Frust vs. Freude – Die Geburtsstunde der Aufbau-Wand


Am 8. April 2015 erhielt ich eine Mail, in der sich eine aufgebrachte Autorin beschwerte, dass ich ihren Beitrag zu meiner Aktion Angry Author nach knapp zwei Wochen immer noch nicht bearbeitet hätte. Ich hatte sie zwar im Vorfeld sehr freundlich darauf hingewiesen, dass es etwas dauern kann, da ich noch auf andere Beiträge warte, aber das schien besagte Person nicht zu interessieren.

Normalerweise kann ich solchen Online-Frust gut kanalisieren, doch diese Autorin vergriff sich dermaßen im Ton, dass mein Frust-Fass überlief, ehe ich dem Ärger auf dem Rad davonfahren konnte. Mit wild pochendem Herzen schrieb ich ihr folgende Antwort:

Liebe Frau S.,

natürlich verstehen wir Ihren Ärger. Bitte entschuldigen Sie, dass unser Kundenservice sie nicht täglich über den Fortgang der Aktion informiert hat. Dies war sehr nachlässig von uns und unverzeihlich.

Wie Sie sicherlich wissen versteht sich unser Unternehmen Ein-Mann-Blog als internationaler Konzern und möchte Kunden rund um den Globus zufrieden stellen. Unsere stetig wachsende Belegschaft (seit Gründung wurden bereits zwei Katzen eingestellt) bemüht sich fortwährend, die Kundenwünsche in unserem patentierten 24-7-Prinzip zu erfüllen.

Daher möchten wir es auch nicht als Ausrede gelten lassen, dass unsere Belegschaft noch so etwas wie ein Privatleben hat. Auch möchten wir es nicht als Argument ins Feld führen, dass ein Teil der Belegschaft vor wenigen Tagen mit dem überraschenden Tod eines Familienangehörigen konfrontiert wurde.

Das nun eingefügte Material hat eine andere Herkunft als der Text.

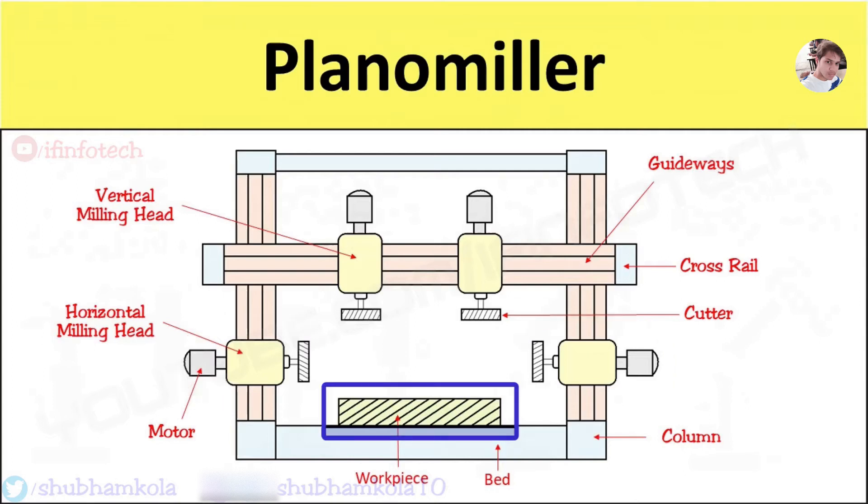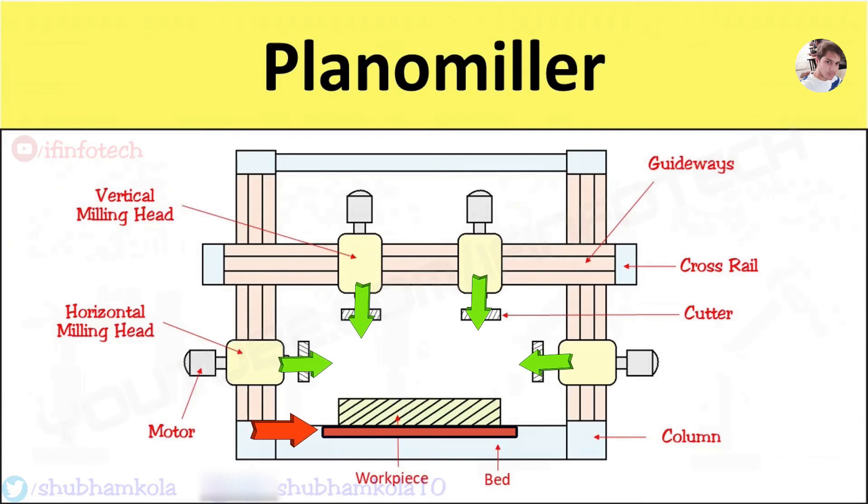The workpiece can be machined in four different ways according to requirement: by moving the table while the cutter rotates; by keeping the table stationary and feeding the cutters by moving the milling head; by moving the table and milling head simultaneously; and by keeping the table stationary, moving the cross rail downward and the side cutter up and down.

Denn Sie wissen so gut wie wir: dies wären alles nur Ausreden eines Großkonzerns (aktueller Börsenwert: 3,23 Buch), die ihren berechtigten Ärger nicht mildern könnten. Verglichen mit Ihrem Problem sind dies Bagatellen.

Wir sehen es daher als unsere Pflicht an, in Zukunft Beerdigungen von Verwandten zu schwänzen und private Probleme hintenan zu stellen.

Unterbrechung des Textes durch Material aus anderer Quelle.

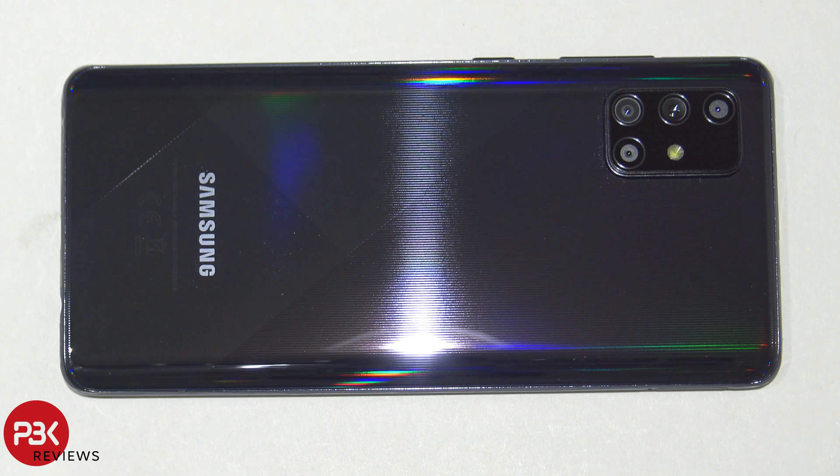What's up guys? Another day, another disassembly, and today we're taking apart the Samsung Galaxy A71.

Wir bitten Sie nochmals aufrichtig um Verzeihung.

Hochachtungsvoll

Ihr Michael
1. Vorsitzender der Ein-Mann-Blog AG

Glücklicherweise schickte ich diesen Text zunächst meiner lieben Schreib-Freundin Aurelia (Schön, dass es dich gibt!), die meinen Frust wie ein Schwamm aufsog und mich davon überzeugte, dass diese Frau eine solche Antwort zwar verdiene, aber sie eigentlich gar nicht wert sei. Außerdem solle ich mich lieber über das tolle Feedback vom Aufbau Verlag freuen.

Und das tat ich dann auch in vollen Zügen. Ich freute mich über die Auszeichnung zum LitBlog-Liebling der Woche als hätte ich gerade den Literaturnobelpreis gewonnen. Und ich freute mich über den netten Kontakt zu – nennen wir sie – Frau Aufbau 😉 , der auf dieses Posting folgte.

An diesem Abend, streng genommen war es tief in der Nacht, beschloss ich, diese beiden so unterschiedlichen Blog-Erlebnisse, die zufällig auf denselben Tag fielen, nicht wie bisher nebeneinander in mein Blog-Sticker-Album zu kleben, sondern das positive Erlebnis zu betonen.